> **Supplied records**
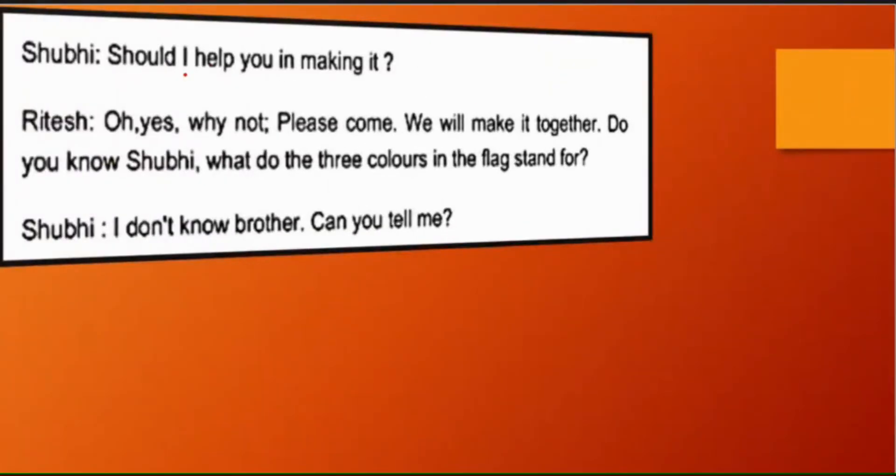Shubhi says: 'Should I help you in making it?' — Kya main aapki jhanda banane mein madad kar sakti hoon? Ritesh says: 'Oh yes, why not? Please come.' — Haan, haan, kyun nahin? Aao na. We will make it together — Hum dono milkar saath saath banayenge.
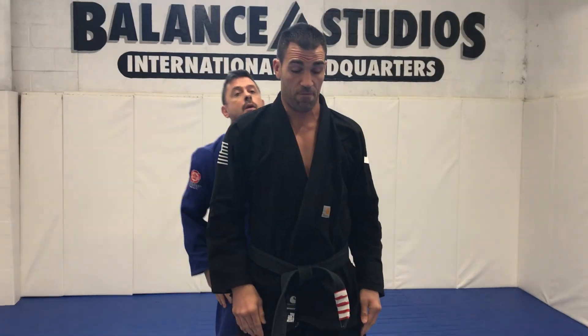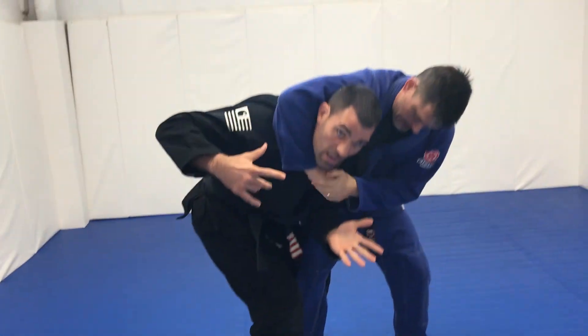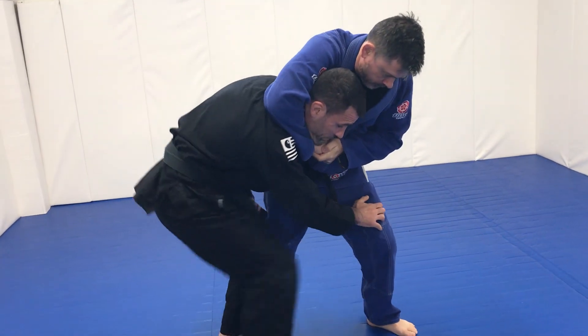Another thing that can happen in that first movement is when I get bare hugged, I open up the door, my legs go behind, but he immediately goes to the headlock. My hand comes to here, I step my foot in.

==

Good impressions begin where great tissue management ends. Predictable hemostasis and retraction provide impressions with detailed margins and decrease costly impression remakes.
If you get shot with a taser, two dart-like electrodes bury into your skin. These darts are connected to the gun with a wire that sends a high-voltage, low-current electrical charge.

...

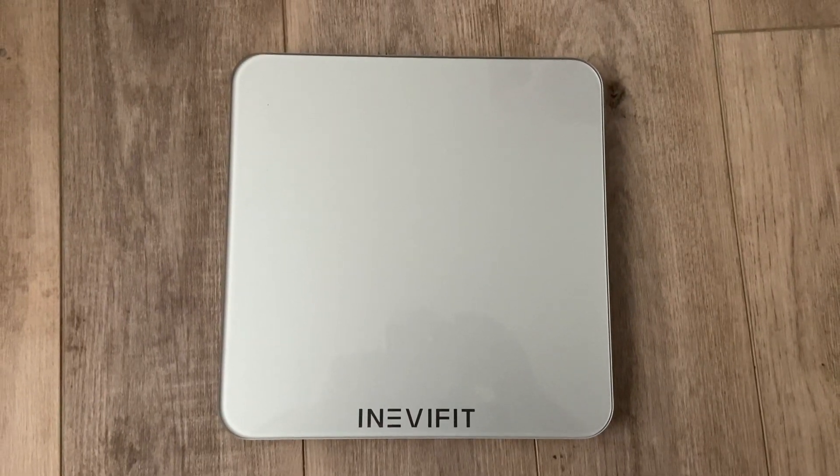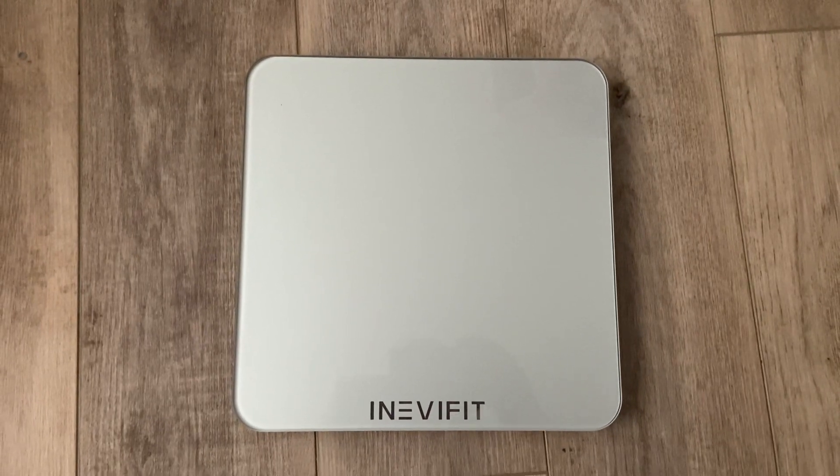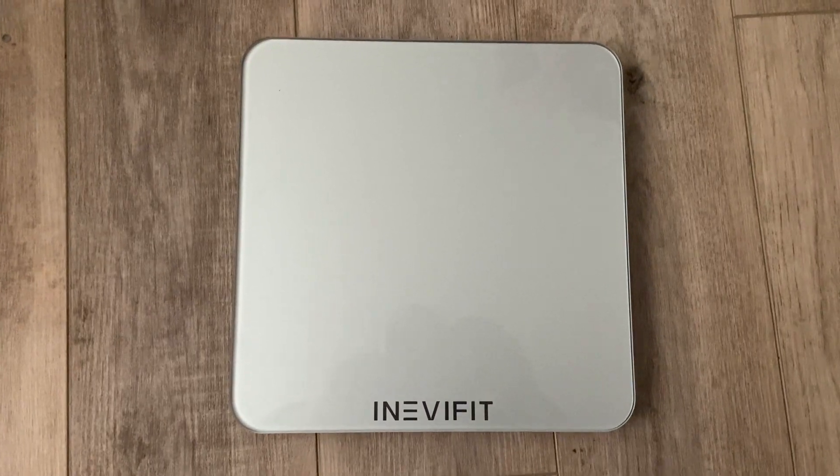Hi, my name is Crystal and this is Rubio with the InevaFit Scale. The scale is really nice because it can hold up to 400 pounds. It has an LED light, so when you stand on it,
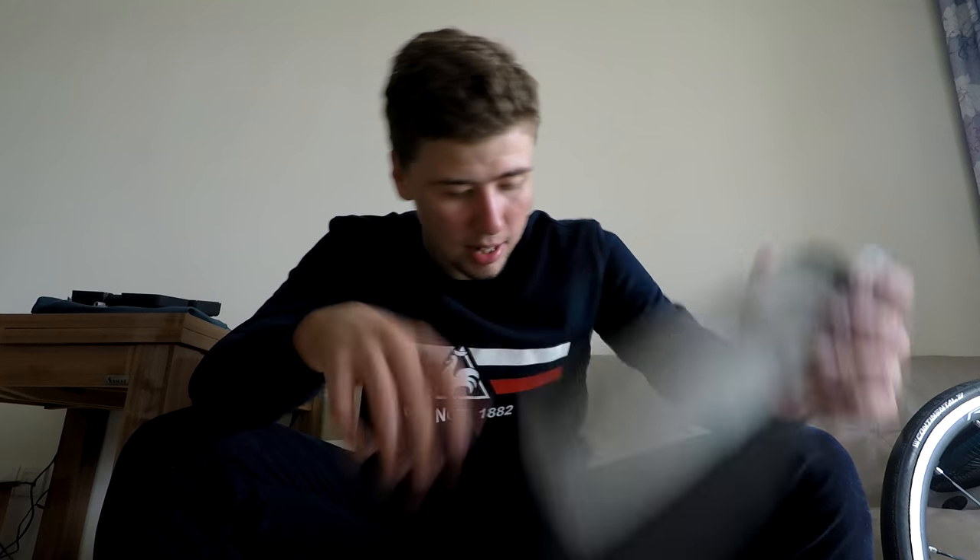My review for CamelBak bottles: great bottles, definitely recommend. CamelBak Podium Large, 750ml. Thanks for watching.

> **What you need to do**
With the pictures left out, write out exactly the lines above from the one containing "Shubhi says: 'Should" through the one containing "Another thing that".

> **Response below**
Shubhi says: 'Should I help you in making it?' — Kya main aapki jhanda banane mein madad kar sakti hoon? Ritesh says: 'Oh yes, why not? Please come.' — Haan, haan, kyun nahin? Aao na. We will make it together — Hum dono milkar saath saath banayenge.
Another thing that can happen in that first movement is when I get bare hugged, I open up the door, my legs go behind, but he immediately goes to the headlock. My hand comes to here, I step my foot in.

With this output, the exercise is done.